The analysis of scientific articles by peers has changed throughout the centuries, evolving from occasional external opinion in the science journals of the mid-seventeenth century to the lengthy, anonymous and formal peer review procedure of current journals. Until the beginning of the 1970s, prestigious European journals such as Nature did not use the peer review methodology as a requirement for screening manuscripts for publication (Baldwin, 2015). The editor's sole opinion seemed to be much more relevant for deciding the fate of manuscripts than the expert’s comments and critiques. If this is entirely correct, then there was a time when the publication of scientific results was a kind of "single person decision". In any case, one thing is still prevalent in the peer review method for certifying research results: it is not completely open or transparent. Whether performed by one person alone or by many people, the readers of the resulting scientific article would never know about what had actually happened during the critical review of the manuscript, which sometimes ends in closed negotiations among editors, reviewers and authors. This closed feature of scientific peer reviewing has endured for at least 300 years.

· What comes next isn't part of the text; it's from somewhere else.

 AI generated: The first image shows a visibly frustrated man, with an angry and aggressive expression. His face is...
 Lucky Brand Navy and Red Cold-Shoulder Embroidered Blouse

Is now the time to change this practice? We think so! At the least, we should revisit this reviewing method. Fundamentally, the critical review of scientific manuscripts by a very few anonymous researchers was a typical praxis of the nineteenth and twentieth centuries, when the technological apparatus available to publishers and researchers (authors and reviewers) were of very limited reach and, most importantly, were very expensive and time consuming to use on a large scale. We now face a completely different scenario: digital technology has wiped out all the limitations of the old methods, creating a new world of highly interconnected people in every part of the world. It is currently difficult to be ignored by or out of reach of the digital revolution (except for those whose personal situations cause them to remain outside the network).

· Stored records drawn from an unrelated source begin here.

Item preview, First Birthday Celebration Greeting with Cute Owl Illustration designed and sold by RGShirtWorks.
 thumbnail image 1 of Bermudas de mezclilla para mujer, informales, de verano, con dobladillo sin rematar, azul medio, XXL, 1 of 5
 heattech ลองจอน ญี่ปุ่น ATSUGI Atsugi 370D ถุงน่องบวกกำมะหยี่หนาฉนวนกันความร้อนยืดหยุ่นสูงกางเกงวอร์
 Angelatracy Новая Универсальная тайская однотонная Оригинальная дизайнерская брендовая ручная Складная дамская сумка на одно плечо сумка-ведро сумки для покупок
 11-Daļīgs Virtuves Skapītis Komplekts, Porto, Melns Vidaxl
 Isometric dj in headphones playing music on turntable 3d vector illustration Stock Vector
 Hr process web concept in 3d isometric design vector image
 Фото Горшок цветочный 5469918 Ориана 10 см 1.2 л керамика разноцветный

The "condition sine qua non" for developing a better scaling of peer-collaborative review is already around us: the preprint initiative. The open and immediate dissemination of scientific information is the first step towards "community wisdom", when peers from all branches of science gain access to the latest research results and the process of evaluating, commenting, correcting, suggesting and, in some cases (which we would normally not expect to happen frequently!), identifying either the misuse or attempted corruption of standard scientific practices. This analysis is what the scientific community and society in general expect to happen in the current practice of publishing scientific information. The science in preprint allows immediate access to information that may have a strong impact for decision and policy makers. Furthermore, the preprint process assures the proper recognition of scientists who first explain phenomena and propose new mechanisms, solutions, findings and innovations.

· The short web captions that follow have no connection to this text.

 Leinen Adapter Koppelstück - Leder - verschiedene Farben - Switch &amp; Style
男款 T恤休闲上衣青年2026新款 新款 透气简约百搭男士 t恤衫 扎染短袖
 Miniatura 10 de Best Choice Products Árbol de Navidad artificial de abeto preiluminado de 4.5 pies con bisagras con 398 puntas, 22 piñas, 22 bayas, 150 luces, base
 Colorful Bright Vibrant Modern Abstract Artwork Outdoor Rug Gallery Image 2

Nonetheless, a brief survey for the keywords "notice of concern", "corrections" and “retractions” in the scientific journals database tell us that the current practice is far from what we imagine would happen on the "not so open" road to publishing scientific articles. Why not transfer this important decision to a multitude of scientists from all fields? Why not collect views and critiques from thousands of individuals from multiple institutions and organizations around the globe? The iterative and critical insight of many skilled, qualified and scattered individuals (exactly what the “scientific community” is in today's world) appears to be much wiser than the biased opinion of 2-3 individuals under the control of the selective view of an editor. Most of the time, conflicts of interest are either partially or never disclosed!
If not already in the final stage of development, a technological platform for this task can be easily implemented by digital innovators because the raw matter to fuel it is right in the corner: the growing body of preprint servers in all scientific fields. Using such a platform, a preprint article could be extensively disseminated through peer networks in the major scientific fields to obtain feedback from readers who are scientists themselves and thus potential voluntary reviewers of the article. At the end of each critical round in the peer network, a new version of this article might be uploaded by the author(s) containing all the suggestions, comments and corrections. This iterative process of critical review is at first glance an endless process, but the authors (or preprint editorial policy) might stipulate a limit for review according to the extent of critiques, comments and suggestions available to improve it. The important point here is the "decentralized" nature of this process: every reader is a potential reviewer of the article, which is permanently open to comments and critiques and continuously prone to new versions as long as it complies with the "good practices of scientific publishing".
If this scenario becomes a reality, we may anticipate one question: are the current scientific journals (and their sometimes-profitable business) doomed to disappear? Well, if they do not adapt to the new environment and challenges, they most likely will!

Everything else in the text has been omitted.